Monday, June 19, 2017

My shade garden

Late yesterday afternoon, as I walked past my front door, I saw a baby bird through the sidelight.  It hopped up onto one of the chairs on my front porch, and then fluttered hither and yon, awkwardly, behind the yew and under the porch ceiling.  It had a funny, long, straight tailfeather, like a skinny popsicle stick, jutting out behind itself at an angle.

I didn't run for my camera.  I just stood still and watched the funny, fat little bird.  My impression is that he had white spots on his back, like a fawn, but this may be the poetic license of a hazy memory.  As he darted back and forth between the potted begonias, the hanging ferns, and the porch furniture, I realized that there were two of them.  Indeed, at one point the two tiny birds perched across from one another, right at the edge of my front step.  Then one, perhaps the first one, took off for a low branch in the nearby maple tree, whizzing his little wings heroically as he made his way back to shelter and safety.  The other soon followed, bumbling his directions, but set on gaining shady protection along with his brother.  My heart cheered for him silently as he disappeared among the leaves.

It's been so very dry for the past three weeks.  After our early May travel escapades, Shawn and I spent some time at home.  He bought a little rototiller, and we installed a collection of plants in the lower terrace behind our garage.

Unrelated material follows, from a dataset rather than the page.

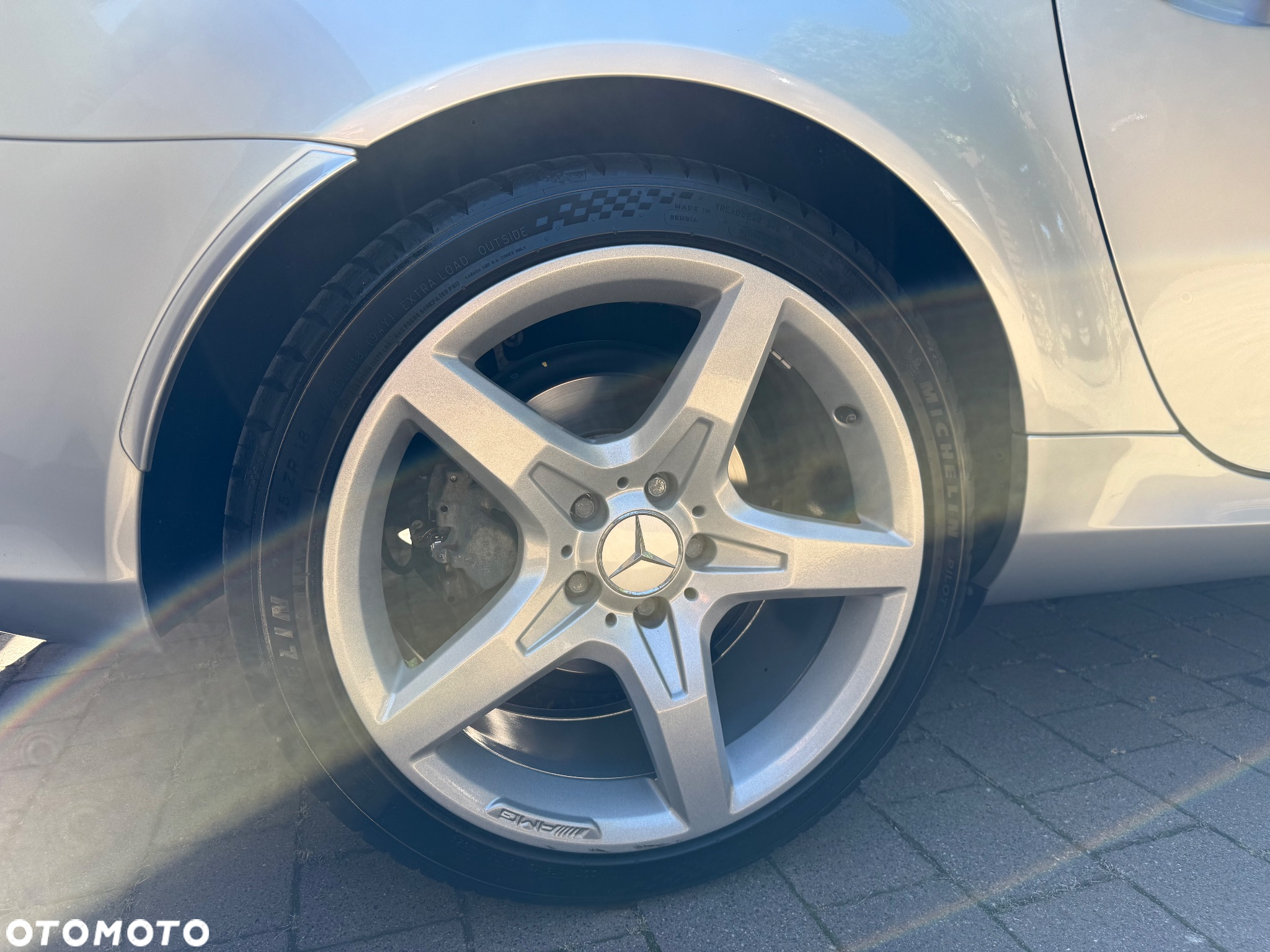 Mercedes-Benz SLK 350 7G-TRONIC Sport Edition - 10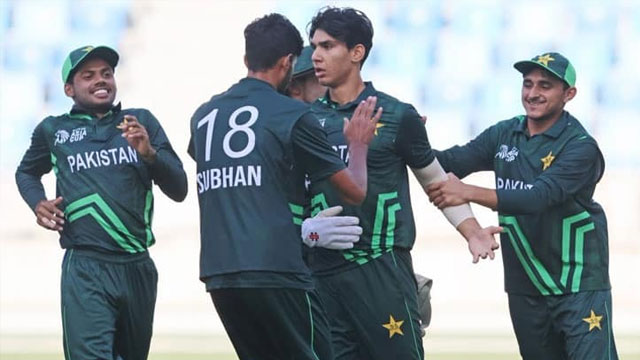 سرفراز کے سامنے بدتہذیبی کرنیوالے فہام پی ایس ایل ڈرافٹ میں شامل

We worked on the upper terrace last year, and salvaged some of what had already been there.  The lower terrace was a total overhaul, absolutely nothing to save.  I guess at some point, we'll have to go back and remulch the upper tier to match.  But for now, it is so much better, so exponentially better than it has been ever since we moved here, that I cannot feel too worried about the two-toned mulch.  We've added stepping stones, because it is nearly impossible to tend a garden you can't access.  I loved my upper path--we laid it out according to where my feet fell as I walked through.  My lower path is even cuter, if not quite as ergonomically designed for my paces.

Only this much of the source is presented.